We had always had a suspicion that running our business in Thailand was viewed detrimentally by some would be customers. Even if that wasn't the case the constant hassle with visas and work permits, employing (well paying for) four Thai employees we didn't need, me not being able to own more than 49% of the business, hassle with deliveries and Thai customs - it just became too much. And as I approached sixty, the only country where I could work without this hassle was the UK. So, somewhat reluctantly, I returned. It wasn't easy. Leaving nothing here when I first emigrated, I returned to find waving a British passport around did not open any doors.
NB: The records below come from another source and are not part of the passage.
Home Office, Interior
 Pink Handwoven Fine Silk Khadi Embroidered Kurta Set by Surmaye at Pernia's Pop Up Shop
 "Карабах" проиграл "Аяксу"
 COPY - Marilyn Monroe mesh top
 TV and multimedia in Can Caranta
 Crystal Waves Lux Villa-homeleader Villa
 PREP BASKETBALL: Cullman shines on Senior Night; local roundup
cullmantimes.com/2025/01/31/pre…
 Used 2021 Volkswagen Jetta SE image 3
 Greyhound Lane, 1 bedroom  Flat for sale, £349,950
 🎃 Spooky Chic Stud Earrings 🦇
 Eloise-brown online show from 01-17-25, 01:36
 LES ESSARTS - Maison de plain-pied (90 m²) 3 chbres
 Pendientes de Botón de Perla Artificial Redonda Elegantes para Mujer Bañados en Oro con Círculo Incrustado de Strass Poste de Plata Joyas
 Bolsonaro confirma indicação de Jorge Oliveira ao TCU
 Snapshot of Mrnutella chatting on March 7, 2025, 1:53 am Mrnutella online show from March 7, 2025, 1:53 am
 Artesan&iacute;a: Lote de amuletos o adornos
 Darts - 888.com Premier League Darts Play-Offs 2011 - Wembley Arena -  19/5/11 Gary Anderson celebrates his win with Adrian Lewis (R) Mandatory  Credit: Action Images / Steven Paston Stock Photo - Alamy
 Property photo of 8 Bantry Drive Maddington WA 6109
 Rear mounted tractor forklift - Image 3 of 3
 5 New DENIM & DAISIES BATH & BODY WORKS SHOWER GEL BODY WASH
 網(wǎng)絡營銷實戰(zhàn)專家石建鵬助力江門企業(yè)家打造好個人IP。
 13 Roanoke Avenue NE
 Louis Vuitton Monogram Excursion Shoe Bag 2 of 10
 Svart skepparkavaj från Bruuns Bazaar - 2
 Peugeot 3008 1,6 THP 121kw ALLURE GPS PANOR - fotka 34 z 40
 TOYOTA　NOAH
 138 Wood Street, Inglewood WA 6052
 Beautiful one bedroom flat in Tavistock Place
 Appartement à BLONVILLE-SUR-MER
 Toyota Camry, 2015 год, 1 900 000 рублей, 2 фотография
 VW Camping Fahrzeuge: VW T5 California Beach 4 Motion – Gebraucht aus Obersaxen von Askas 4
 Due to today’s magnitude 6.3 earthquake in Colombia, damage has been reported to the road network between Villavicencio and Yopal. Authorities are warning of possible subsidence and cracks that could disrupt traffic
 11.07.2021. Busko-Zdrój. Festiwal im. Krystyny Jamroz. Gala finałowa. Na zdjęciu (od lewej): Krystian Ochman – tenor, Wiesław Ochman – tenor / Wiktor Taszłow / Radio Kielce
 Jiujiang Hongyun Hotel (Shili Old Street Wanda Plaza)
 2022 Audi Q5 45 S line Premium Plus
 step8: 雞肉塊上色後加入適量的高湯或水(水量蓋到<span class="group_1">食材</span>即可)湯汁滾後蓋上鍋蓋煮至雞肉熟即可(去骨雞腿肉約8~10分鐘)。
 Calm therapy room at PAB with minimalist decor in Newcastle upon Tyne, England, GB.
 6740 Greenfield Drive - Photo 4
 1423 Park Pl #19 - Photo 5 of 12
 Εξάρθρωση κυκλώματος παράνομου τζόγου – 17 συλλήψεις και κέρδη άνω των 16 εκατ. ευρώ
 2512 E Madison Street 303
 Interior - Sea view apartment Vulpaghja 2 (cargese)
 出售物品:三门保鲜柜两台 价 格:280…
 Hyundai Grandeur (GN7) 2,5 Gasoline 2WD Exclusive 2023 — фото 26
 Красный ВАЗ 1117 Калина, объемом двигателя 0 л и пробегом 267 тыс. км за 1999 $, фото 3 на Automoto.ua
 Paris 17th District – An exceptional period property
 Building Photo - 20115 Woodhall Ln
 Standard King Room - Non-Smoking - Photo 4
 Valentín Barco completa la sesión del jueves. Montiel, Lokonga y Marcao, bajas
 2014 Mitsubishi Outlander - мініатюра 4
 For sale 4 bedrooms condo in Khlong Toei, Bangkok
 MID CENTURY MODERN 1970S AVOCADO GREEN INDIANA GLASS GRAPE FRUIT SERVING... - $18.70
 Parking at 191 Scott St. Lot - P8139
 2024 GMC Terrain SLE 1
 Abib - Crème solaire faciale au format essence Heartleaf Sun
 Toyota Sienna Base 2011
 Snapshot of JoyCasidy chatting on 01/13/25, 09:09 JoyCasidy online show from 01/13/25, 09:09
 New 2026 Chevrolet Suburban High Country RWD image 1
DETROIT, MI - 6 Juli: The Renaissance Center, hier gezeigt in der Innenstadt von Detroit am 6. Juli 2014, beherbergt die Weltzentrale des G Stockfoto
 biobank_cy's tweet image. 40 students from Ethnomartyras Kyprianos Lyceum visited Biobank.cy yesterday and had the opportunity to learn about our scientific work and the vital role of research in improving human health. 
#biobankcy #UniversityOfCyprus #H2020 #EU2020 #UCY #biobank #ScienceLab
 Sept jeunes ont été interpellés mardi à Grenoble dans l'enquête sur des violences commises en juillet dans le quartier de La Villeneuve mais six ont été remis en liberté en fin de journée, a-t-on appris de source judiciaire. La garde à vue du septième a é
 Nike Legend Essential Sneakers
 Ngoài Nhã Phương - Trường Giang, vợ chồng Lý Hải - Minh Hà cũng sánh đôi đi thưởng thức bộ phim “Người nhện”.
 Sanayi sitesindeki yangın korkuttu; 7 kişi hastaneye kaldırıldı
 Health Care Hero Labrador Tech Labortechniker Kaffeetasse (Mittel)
But I persevered, and I now have nice little one bedroom apartment in Ayr, Scotland, and my pride and joy, a small factory for my company.
And as my third anniversary here approaches, I have been able to move away from the 12 hour days and 7 day weeks (just as we have lockdown and I can't go anywhere!), and spend some time doing other things, such as start writing again. I had a number of other books planned, but settled on a book about opera, or more specifically, operatic tenors, The Forgotten Tenors. The chapters are all mapped out, the preface is finished and Chapter one is almost complete.
Bernardo de Muro
I'm trying to write every few days or so, so hopefully, the book will be completed in four or so months. A nice Christmas gift for all my readers to purchase.
I haven't written anything in my diary since I left for the UK, so I hope that this post will be the start of some more regular posts.